This discussion started on python-ideas [#]_ and was moved to a GitHub
repo [#]_ for further discussion.  As part of this discussion, we made
the decision to use :pep:`526` syntax to drive the discovery of fields.

Support for automatically setting ``__slots__``?
------------------------------------------------

At least for the initial release, ``__slots__`` will not be supported.
``__slots__`` needs to be added at class creation time.  The Data
Class decorator is called after the class is created, so in order to
add ``__slots__`` the decorator would have to create a new class, set
``__slots__``, and return it.  Because this behavior is somewhat
surprising, the initial version of Data Classes will not support
automatically setting ``__slots__``.  There are a number of
workarounds:

- Manually add ``__slots__`` in the class definition.

- Write a function (which could be used as a decorator) that inspects
  the class using ``fields()`` and creates a new class with
  ``__slots__`` set.

For more discussion, see [#]_.

Why not just use namedtuple?
----------------------------

- Any namedtuple can be accidentally compared to any other with the
  same number of fields. For example: ``Point3D(2017, 6, 2) ==
  Date(2017, 6, 2)``.  With Data Classes, this would return False.

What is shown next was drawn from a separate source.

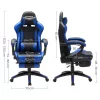 SONGMICS Gaming Szék Ergonomikus Gamer Szék Kihúzható Lábtartóval Fekete-Kék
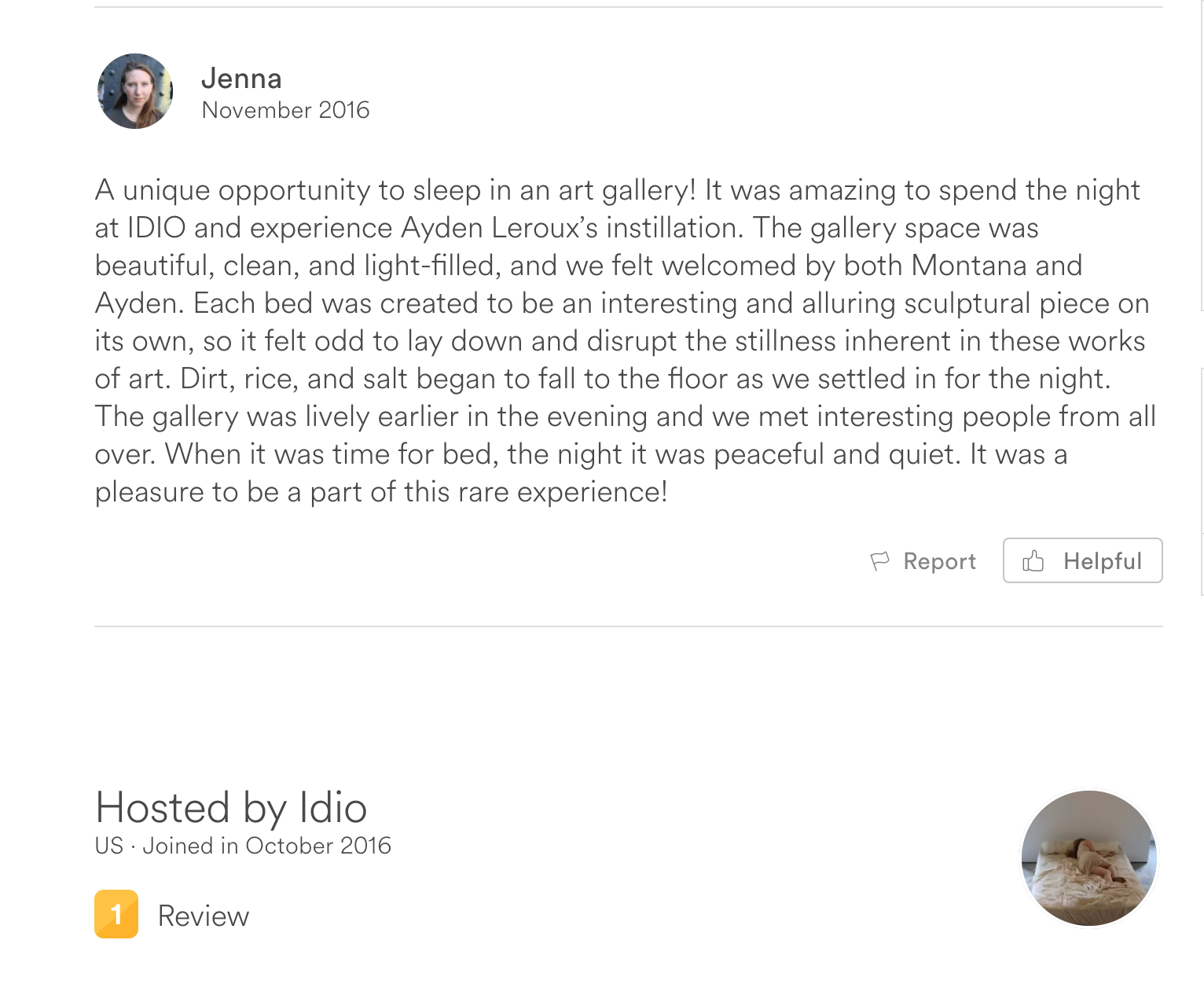 Review from a guest who slept in beds at IDIO Gallery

- A namedtuple can be accidentally compared to a tuple.  For example,
  ``Point2D(1, 10) == (1, 10)``.  With Data Classes, this would return
  False.

- Instances are always iterable, which can make it difficult to add
  fields.  If a library defines::

   Time = namedtuple('Time', ['hour', 'minute'])
   def get_time():
       return Time(12, 0)

  Then if a user uses this code as::

   hour, minute = get_time()

  then it would not be possible to add a ``second`` field to ``Time``
  without breaking the user's code.

- No option for mutable instances.

- Cannot specify default values.

- Cannot control which fields are used for ``__init__``, ``__repr__``,
  etc.

- Cannot support combining fields by inheritance.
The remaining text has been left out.